Exclamavit voce magna… Seguramente, todo el sufrimiento humano recibe su coronamiento y su santificación de este clamor. Asfixiado por el colgamiento, paralizado por el tétanos, exangüe, os habéis por lo tanto enderezado una última vez, para lanzar ese grito prodigioso atestiguando la completa realidad de vuestra Encarnación, la partición fraternal de las penas, de las lágrimas, del sudor, de las lamentaciones de todos los hijos de la mujer. “¿Quién vacila que yo no vacile con él? ¿Quién viene a caer sin que un fuego me devore?” (II Cor. 11,29) Es así que habéis rendido el alma, magníficamente. Lo que observando, el centurión atesta: “Verdaderamente este hombre era el Hijo de Dios”, mientras que la gente de Jerusalén regresaba desconcertados, golpeándose el pecho.
Exclamavit… No habéis querido quedar estoicamente cerrado en vuestro sufrimiento.
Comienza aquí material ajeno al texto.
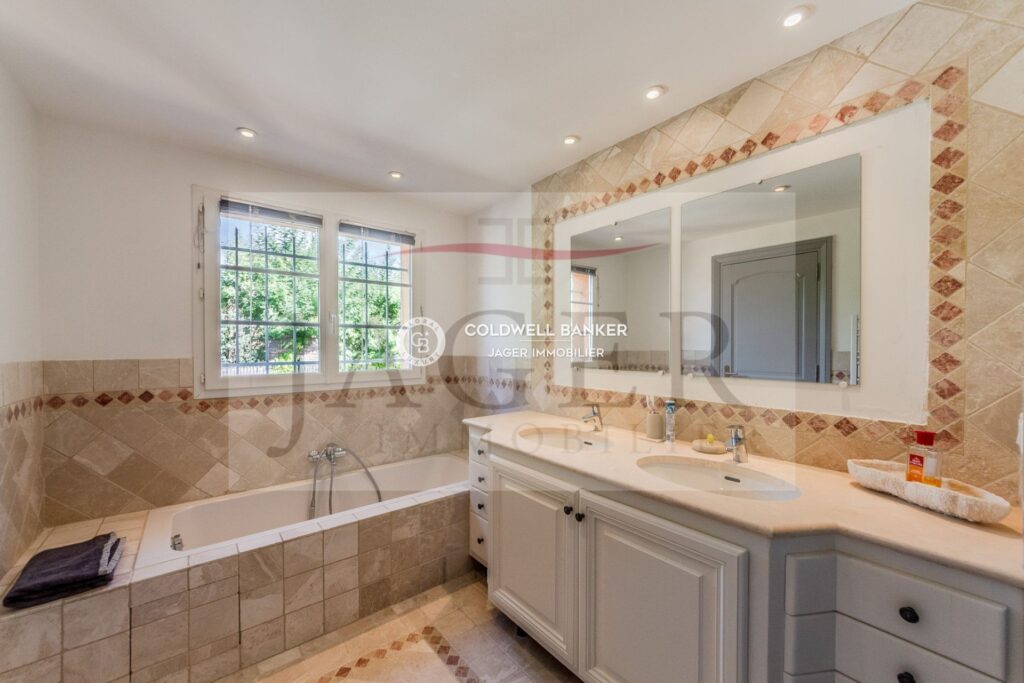 Proche village – Bastide provençale – 6 pièces – 4 chambres – 200.00 m²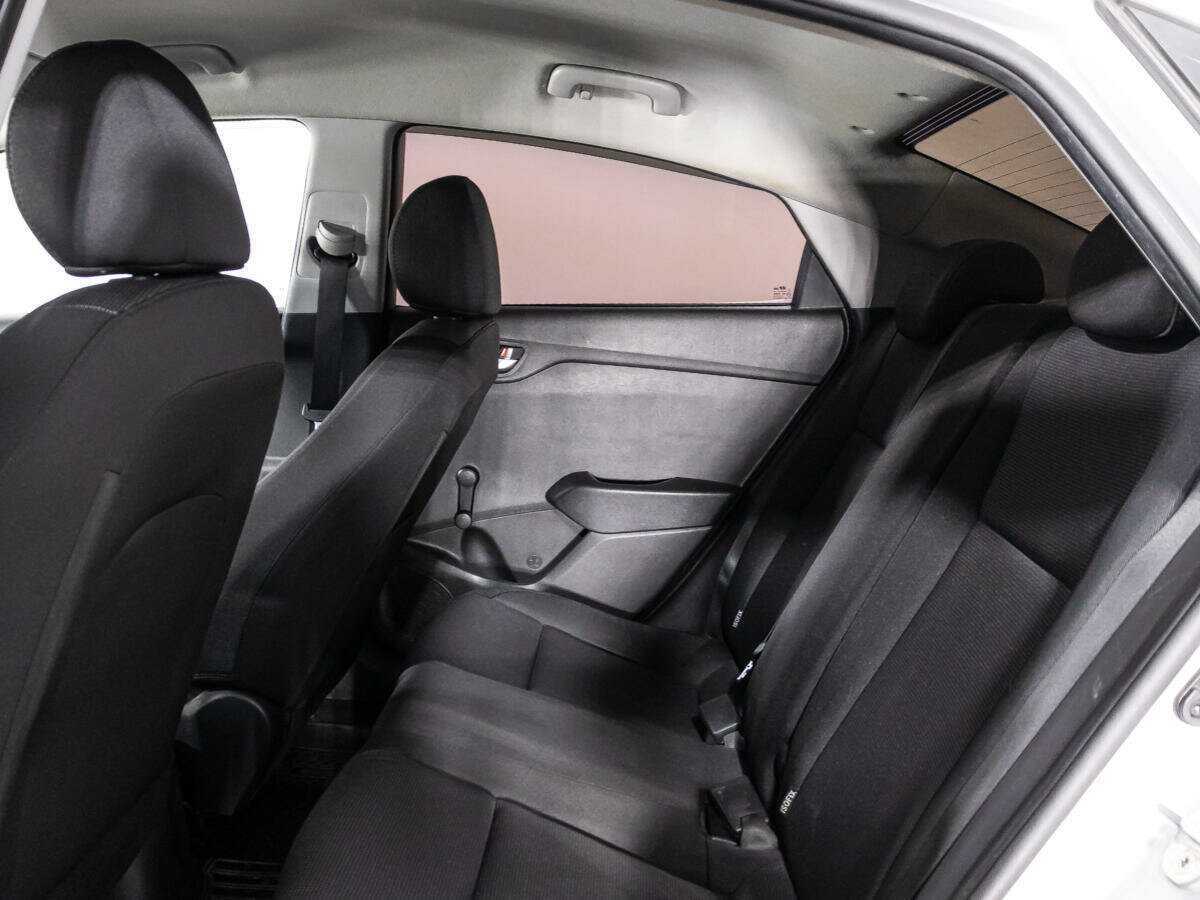 Hyundai Solaris с пробегом — 2017 год. Фото: #9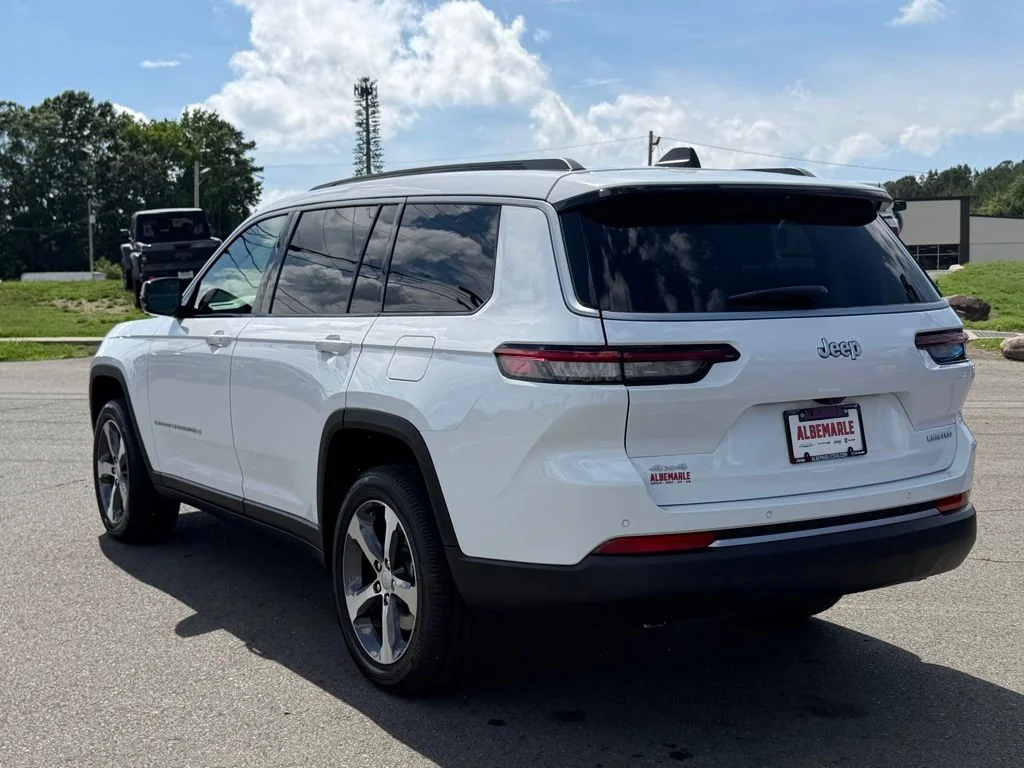 New 2026 White Jeep Limited image 7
No podíais guardar para vos solo, en un pudor altanero, la angustia de vuestra carne y la confusión de vuestra alma llevando los pecados del mundo. Humildemente, habéis dejado escapar y derramarse el horror de ellos en un grito. De eso queríais hacernos testigos. No para compadeceros ni para excitar nuestra piedad, sino para que midamos de que amor éramos amados. Que lo midamos, no según la risa y los bienes intercambiados pero según el sufrimiento endurado, desnudo, solitario, por vos para nosotros. ¡Ah! Ese grito nos aprende que hay un amor más grande aquí en la tierra que aquel cuyo arte y esfuerzo consisten a complacer. El gran amor es padecer y morir por aquellos que amamos. La prueba del amor está en este clamor que los siglos repercutan; llama a los pecadores a enmendarse para que vuestra Cruz no les sea inútil.
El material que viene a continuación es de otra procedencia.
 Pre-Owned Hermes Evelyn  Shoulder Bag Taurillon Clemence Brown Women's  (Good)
Iterum clamans voce magna, emisit spiritum…Dijisteis: “todo está consumido”. Y hubo ese gran grito que se acabó en la más santa entre las oraciones de la muerte: “Padre, entre tus manos encomiendo mi espíritu”. No me puedo impedir creer que entonces resentisteis alegría. En el colmo del dolor, era por lo tanto el momento de la obra cumplida, del mundo salvado, de la gracia perfecta. Era el momento en el que volvíais hacia el Padre y así, hombre, ibais a entrar por primera vez en el descanso de su amor. Entonces fuisteis sumergido por una inmensa alegría, esta alegría que es el todo del hombre salvado, como las lágrimas son el todo del hombre oprimido. Grito de alegría incompresible de un cuerpo molido que acaba con los miedos de la agonía, grito de alegría del alma en la consumación de la obra redentora, grito de alegría del Hijo a la llegada del momento en el que va a regresar a su Padre. Es para la alegría que hemos sido creados, pero es por el sufrimiento y en el amor que debemos entrar. ¿“Oh Dios mío, existe alegría más grande que aquella de sufrir por vuestro amor”? ¡Una luz chorreaba de vuestra Cruz, rojo, oro y blanco: qué sufrimiento, qué amor, qué estremecimiento de alegría en ese Grito!
Padre Georges de Nantes
Página mística n° 10, Abril 1969.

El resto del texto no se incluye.